En 2018, dos años antes de que se “retirase” de la dirección técnica con Palmaflor, lo había conocido en persona, en la Feria del Libro de Cochabamba a la que vino a presentar y promocionar Difícil de entender, imposible de olvidar, un volumen de memorias y enseñanzas de su campaña en las Eliminatorias para EEUU. Claro que me compré el libro, más aún porque venía con una camiseta del 93 autografiada por el “profe”. Aunque, la verdad, hubiera comprado el texto aun si sus páginas estuvieran en blanco o repletas de palabrotas castizas. De ese encuentro es la foto que me hice tomar con él en su stand de la feria, mientras se impacientaba por salir a fumar un puchito a las afueras del campo ferial de Alalay. Estaba urgido de un pitillo-mata-ansiedad como ese que se había encendido 25 años antes, el 19 de septiembre de 1993, en los segundos finales del empate entre Bolivia y Ecuador (1-1) que aseguraba nuestro pase directo al Mundial del año siguiente, al tiempo que cruzaba los brazos con vehemencia para pedirle al árbitro que acabara de una vez el partido en Guayaquil. Si alguna vez deseé genuinamente aprender a fumar, fue entonces, al final de esa tarde en que la primavera se adelantó para los bolivianos y nos hizo sentir, con todo derecho, los dueños del mundo. No me hablen de Humphrey Bogart o Keith Richards, tampoco de Julio Cortázar o Fidel Castro: mi fumador empedernido por antonomasia fue y siempre será Azkargorta.
Cuando le conté que había conocido al otrora ídolo del Espanyol, mi amigo Andrés me preguntó por qué no había aprovechado para regalarle el libro que yo acababa de publicar: Crónicas mundialeras del dios redondo (coescrito con Xavier Jordán). Le respondí que se me había olvidado hacerlo, pero, si debo ser honesto, la idea nunca pasó por mi cabeza. Ofrecerle algo tan “pequeño”, como un libro de mi autoría, al hombre más gigante de mi infancia, me habría sabido a intentar venderle una pepita de oro al Rey Midas.

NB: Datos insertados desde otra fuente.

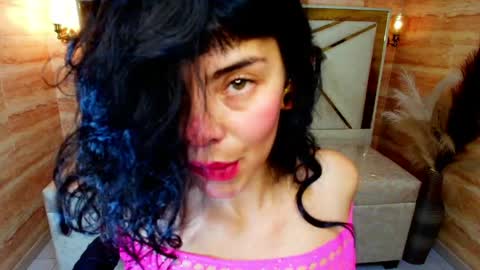 Alie online show from April 2026 08:48:01 PM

Al enterarse de su deceso, me escribió un compañero de colegio, uno que compartió mi veneración por la Verde del 93-94. Nos acompañamos en el duelo por unos minutos, chateando hasta convencernos de que el nacido en Azpeitia había sido el adulto más influyente durante nuestra niñez fuera de nuestros padres (porque al Diablo, Platiní y el Emperador siempre vimos como hermanos mayores con los que soñábamos jugar y volver a otro Mundial.)

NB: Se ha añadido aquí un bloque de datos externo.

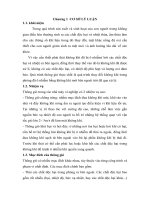 Tiểu Luận Quản Trị Nhân Lực – Hệ Thống Thông Gió Trong Sản Xuất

Azkargorta era, aún es y siempre será lo más parecido a un “padre de la patria”, al menos de mi patria, mi infancia. Dicen que Rilke es el autor de la máxima: “La verdadera patria del hombre es la infancia”. Otros sugieren que, en vez de hombre, dijo poeta. Como poeta no soy, me quedo con la primera versión. La única patria a la que pertenezco en cuerpo, mente, alma y corazón es mi infancia futbolera. Y el padre tutelar de esa patria se llama Xabier Azkargorta.

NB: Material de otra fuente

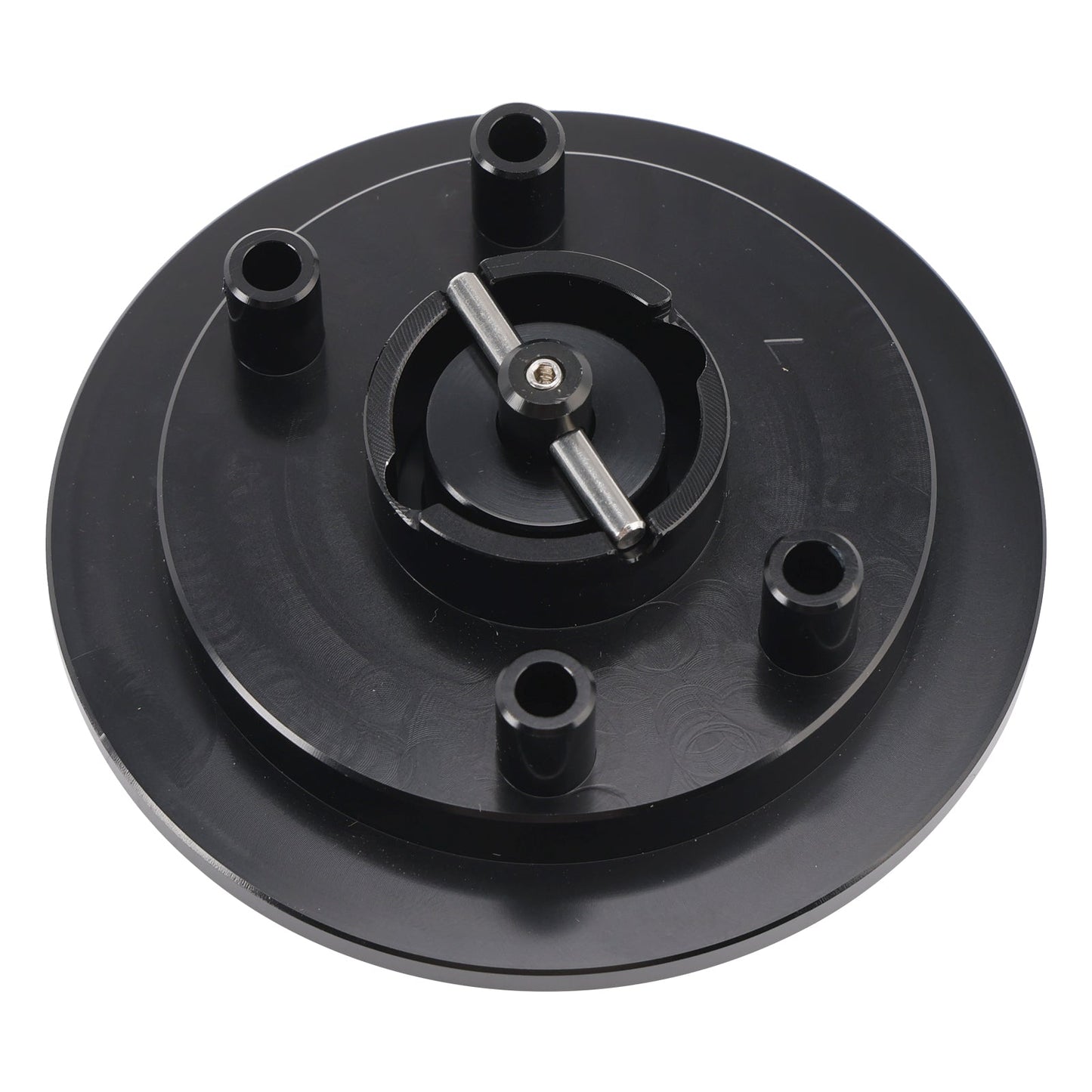 QUICK-TURN TANK FUEL CAP FOR BMW R NINET R 1200GS R1200R R1200S K1600 GT GTL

Ahora que tengo más años que él cuando nos llevó al Mundial de 1994, me cuesta despedirlo. Me cuesta decirle adiós a ese vasco cuarentón que nos hizo creer que Bolivia era el lugar más afortunado del universo para vivir en los años 90. Se juega como se vive, nos enseñó. Tuvo que venir él para recordarnos que estábamos vivos y que nos merecíamos todo lo que pudiéramos ganar en cancha, sin autocompasión ni exitismo. Sin excusas, pues. Se juega como se vive, profe. Y solo muere el que no juega. Y usted va a seguir jugando en nuestra memoria siempre, con el pucho de la dicha abriéndose paso entre ese tupido bigote que ya no es solo suyo, sino de toda una patria futbolera. Nuestra infancia más feliz. Hasta siempre, Bigotón.

Quiso ser futbolista, estrella de rock, cineasta, pero solo le alcanzó para fracasar como cinéfilo en la soledad de su cuarto. Quiso ser escritor y en el periodismo sigue fracasando de forma impune hasta que alguien criminalice y prohíba el fracaso.